Dans ce documentaire, Chantal Akerman alterne scènes muettes (plans fixes de paysages autour de la frontière américano-mexicaine ou travellings le long du mur), et témoignages (à commencer par tous les membres d'une famille dont le fils aîné a péri) : simple et efficace. La parole des migrants qui fuient leur pays pour des raisons économiques se mêle ainsi à l'atmosphère des lieux.
Dans une deuxième partie, c'est le côté américain, avec des gens qui craignent pour leur tranquillité et leurs biens. Et toujours cette alternance, avec peut-être une plus grande part laissée aux interviews.
Akerman ne craint pas la durée : elle peut laisser tourner sa caméra devant un terrain vague de longues minutes sans qu'il se passe grand chose. Filmer deux points blancs sur le pare-brise d'une voiture de police dans la nuit jusqu'à l'abstraction. Ou encore, lorsqu'elle interviewe une vieille, lui laisser tout le temps de vivre ce qu'elle raconte - la perte déchirante de son fils - en silence. Un parti pris rare, qui a une certaine force, et qui a l'authenticité de la vie.
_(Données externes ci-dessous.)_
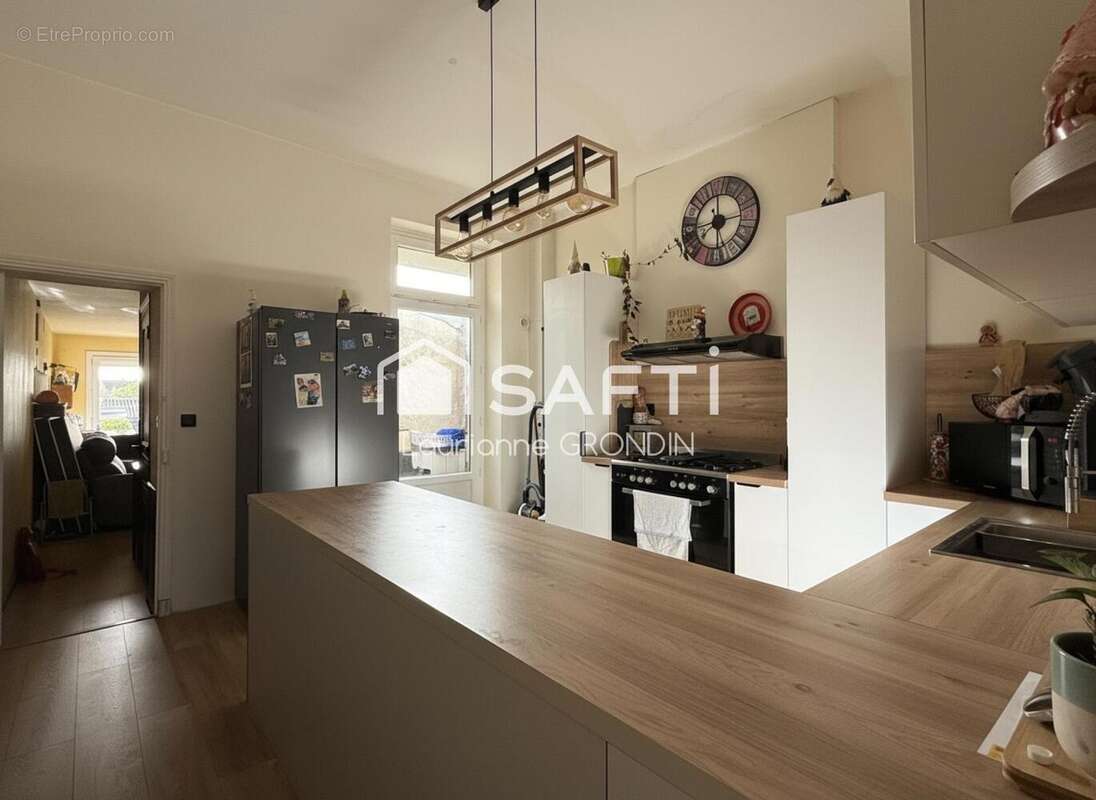 Photo 2 - Maison à SAINT-JEAN-D'ANGELY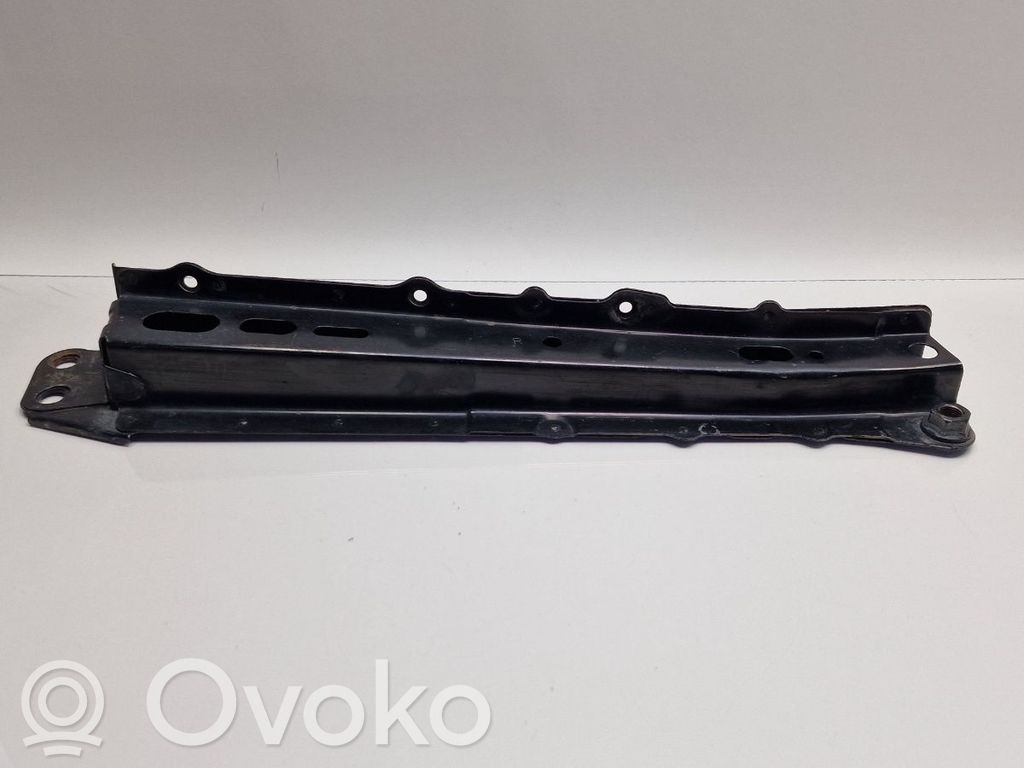 Toyota Prius (XW30) Panel mocowania chłodnicy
Evidemment un peu aride, à l'image de la région.
Parfois, c'est un peu trop : la scène remontant une file de voitures le long de la frontière m'a quand même paru interminable ! Idem sur la scène du match de foot.
Mais dans l'ensemble, voilà du documentaire engagé artistiquement, ce qui ne surprendra pas les fans des fictions de Chantal Akerman.